==== Data segment
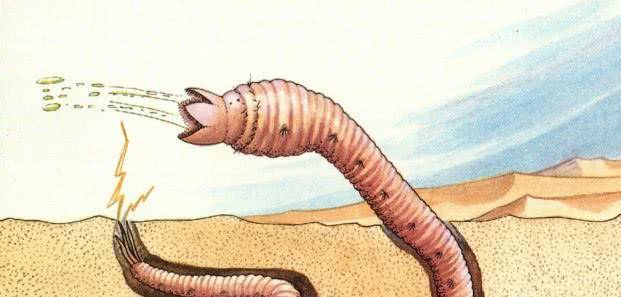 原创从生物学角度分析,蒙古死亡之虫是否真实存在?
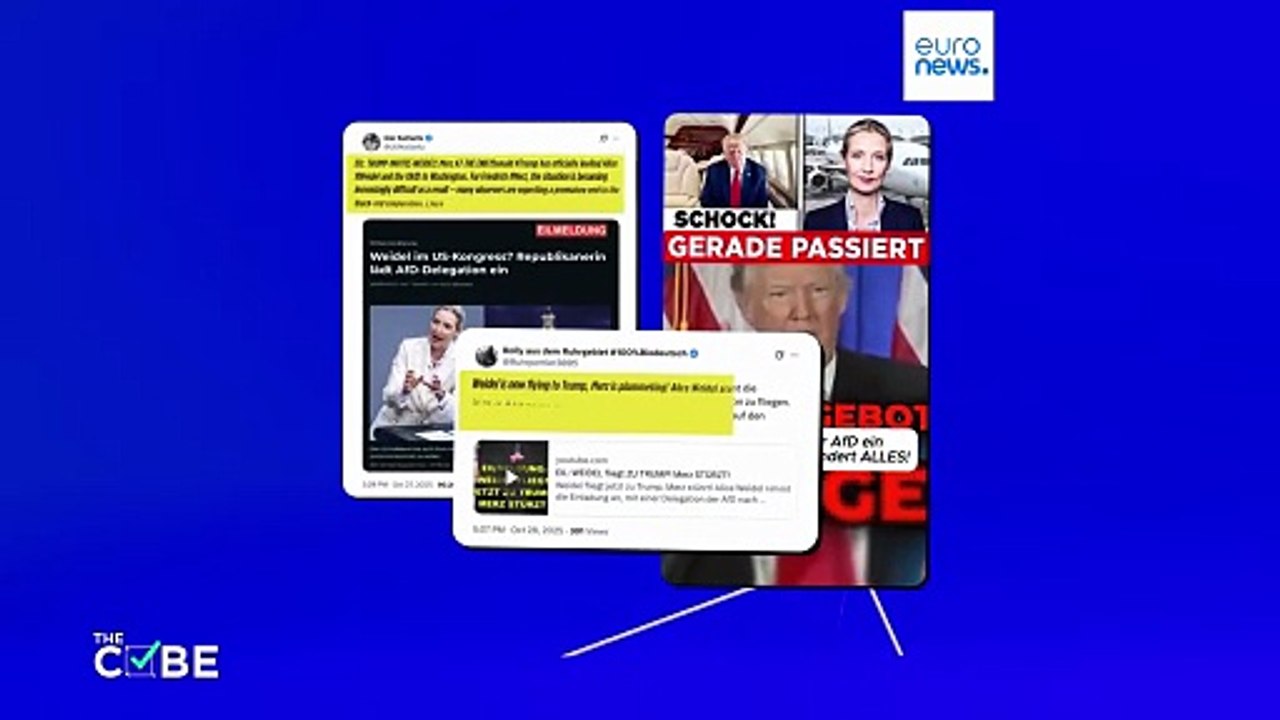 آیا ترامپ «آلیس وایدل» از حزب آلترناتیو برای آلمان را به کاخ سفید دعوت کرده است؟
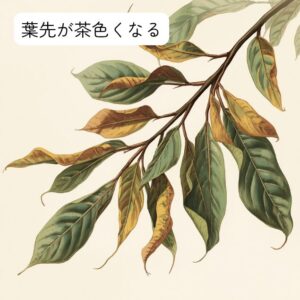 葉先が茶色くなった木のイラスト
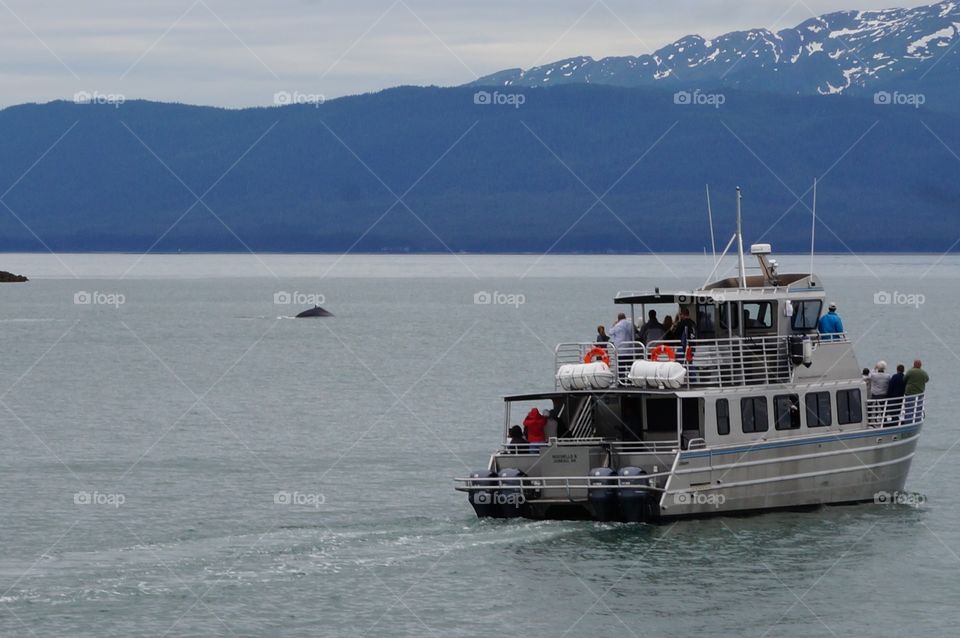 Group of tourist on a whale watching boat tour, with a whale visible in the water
========
§ **What this task involves**: Please repeat the lines that run from the one holding "葉先が茶色くなった木のイラスト" to the last line of the material, both included, exactly and without pictures.

§ **Reply**:
 葉先が茶色くなった木のイラスト
 Group of tourist on a whale watching boat tour, with a whale visible in the water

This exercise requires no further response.